En abril comienzan los brotes alérgicos, las fases finales de los torneos deportivos y las bodas. A pesar de que las uniones de hecho son cada vez más frecuentes e, incluso hoy, es común estrenar una vida en pareja sin la aprobación de un cura o un juez, la mayoría de los jóvenes menores de treinta años prefiere casarse. El sacramento del matrimonio, contra el que se rebelaron las parejas más progres y atrevidas durante los últimos tiempos del franquismo, es ahora una práctica renovada, desacralizada, que sigue estando de moda. Probablemente hoy, aquellos padres contestatarios tengan hijos buscando iglesias blancas a las afueras de Madrid, sin mucho encanto ni apego a ninguno de los contrayentes, pero con fechas disponibles para los días de calor y con un restaurante cercano.

Dios ni siquiera está invitado a la boda. La iglesia es un lugar bello y evocador, con un eco solemne y con un largo pasillo por el que desfilar. Pocos jóvenes piensan en que jurarán ante un ser superior y en su propia casa. Incluso muchísimas parejas se desconciertan ante la obligatoriedad de acudir a unos cursos prematrimoniales impartidos por un cura y en los que se tratan materias religiosas y éticas. La asincronía entre la doctrina del clérigo y la mentalidad de los chavales, que tienen que faltar a tai-chi para escuchar sus lecciones, es pasmosa. La religión no está normalmente presente en la mente de los jóvenes que se intercambian anillos de oro ante una imagen de Cristo crucificado.

El momento de la ceremonia es un trámite, no sólo para los invitados, que suelen aguantar con antipatía y desconcierto las flexiones rotulares al sentarse y levantarse continuamente, el calor o el frío extremo de los templos y las irritantes costuras de los trajes de gala, sino para los protagonistas. Es normal, a la salida de la Iglesia, oír a los recién casados, adelantándose a cualquier queja por parte de sus amigos o familiares, criticar el largo y desfasado sermón del cura incitándoles a compartir las tareas domésticas y a tener pronto hijos católicos.

La boda ya no es más que un ritual tradicional desprovisto de simbologías celestiales. El blanco no tiene que ver con la virginidad ni la comunión con la Última Cena. Se ha hecho así siempre, así es cómo los jóvenes han visto en las películas y en bodas de primos segundos y amigos que uno se debe casar. Ése es el formalismo como Dios manda, pero sin Dios.

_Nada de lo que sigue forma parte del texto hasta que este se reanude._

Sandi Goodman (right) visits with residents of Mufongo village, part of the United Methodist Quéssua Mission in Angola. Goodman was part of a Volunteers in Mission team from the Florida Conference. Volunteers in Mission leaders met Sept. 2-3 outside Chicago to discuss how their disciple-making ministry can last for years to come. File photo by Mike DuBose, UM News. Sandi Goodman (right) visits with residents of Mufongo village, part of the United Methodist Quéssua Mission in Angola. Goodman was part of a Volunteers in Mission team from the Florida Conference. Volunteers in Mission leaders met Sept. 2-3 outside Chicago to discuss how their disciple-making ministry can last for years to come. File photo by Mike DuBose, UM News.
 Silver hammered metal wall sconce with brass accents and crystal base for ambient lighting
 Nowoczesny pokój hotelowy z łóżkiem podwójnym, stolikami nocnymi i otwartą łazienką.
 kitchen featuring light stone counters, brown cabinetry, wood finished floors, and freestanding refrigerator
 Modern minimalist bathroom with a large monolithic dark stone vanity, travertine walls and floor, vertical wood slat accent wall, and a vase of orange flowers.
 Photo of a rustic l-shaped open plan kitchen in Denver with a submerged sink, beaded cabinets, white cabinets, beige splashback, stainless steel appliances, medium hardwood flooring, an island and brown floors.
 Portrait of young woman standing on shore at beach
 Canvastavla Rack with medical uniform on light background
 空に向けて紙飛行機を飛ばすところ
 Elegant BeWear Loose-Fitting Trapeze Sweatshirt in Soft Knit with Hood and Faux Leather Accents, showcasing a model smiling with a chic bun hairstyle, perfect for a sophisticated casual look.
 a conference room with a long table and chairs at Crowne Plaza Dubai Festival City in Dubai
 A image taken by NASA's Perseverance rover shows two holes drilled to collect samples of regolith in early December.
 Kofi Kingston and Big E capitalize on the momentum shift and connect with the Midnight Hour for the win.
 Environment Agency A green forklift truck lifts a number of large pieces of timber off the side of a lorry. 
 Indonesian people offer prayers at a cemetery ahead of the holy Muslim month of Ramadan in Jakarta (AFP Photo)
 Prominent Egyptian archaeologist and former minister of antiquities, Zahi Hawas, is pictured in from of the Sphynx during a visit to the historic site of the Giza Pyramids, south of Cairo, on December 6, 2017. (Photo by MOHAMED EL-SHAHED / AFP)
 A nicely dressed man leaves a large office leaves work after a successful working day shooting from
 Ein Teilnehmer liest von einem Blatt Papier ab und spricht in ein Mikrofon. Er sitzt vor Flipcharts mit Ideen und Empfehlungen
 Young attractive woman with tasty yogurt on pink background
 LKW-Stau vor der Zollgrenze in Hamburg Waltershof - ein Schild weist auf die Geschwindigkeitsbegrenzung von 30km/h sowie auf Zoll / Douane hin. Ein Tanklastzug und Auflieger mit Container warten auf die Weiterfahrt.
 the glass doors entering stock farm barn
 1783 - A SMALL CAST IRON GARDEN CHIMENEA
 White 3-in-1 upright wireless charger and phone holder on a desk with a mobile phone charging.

A no ser que los novios posean unas fuertes convicciones antirreligiosas o ateas, la inmensa mayoría de los jóvenes, que se consideran católicos pero que sólo pisan las iglesias en los viajes, prefieren la boda tradicional al juzgado. La unión civil es una opción cada vez más solicitada, pero hay que reconocer que quedan más deslucidas las fotos de los novios cubriéndose de la lluvia de arroz frente al muro grafiteado de un juzgado que ante la puerta de cuarterones de un templo.

Casarse por la Iglesia tampoco significa organizar una boda concurridísima, extremadamente cara y ampulosa. Se trata de no invertir mucho tiempo, esfuerzo y dinero, pero sin renunciar a los ingredientes mágicos: campanas, cánticos, velas... Proliferan las páginas web como Casateypunto.com, Clasicosparabodas.net, Mifuturaboda.com, o Guianupcial.com que se encargan de orquestar todo el evento, de aconsejar qué peinado va con cada vestido o de presentar posibles decoraciones virtuales con flores.

Cada vez más jóvenes se casan después de convivir un tiempo juntos. Los hijos son la principal razón para pasar por el altar o por el Registro Civil, pero aparte del beneficio económico, el permiso laboral y la alegría que se le suele dar a las madres, existe otro motivo importante para casarse por la Iglesia: barnizar la unión de solemnidad, de trascendencia, de romanticismo.

Aunque parezca mentira, entrados en el siglo XXI, con la posibilidad de hacerse pareja de hecho y la ventaja de poder arrepentirse presionando la opción tres en un teléfono, con la libertad social de vivir amancebado sin censuras y en un momento en que hasta los gays pueden casarse, seguimos luchando con el nudo de la corbata, fingiendo sabernos el padrenuestro y quedándonos sin ver un Madrid-Barça porque tenemos una boda en la iglesia de Galapagar.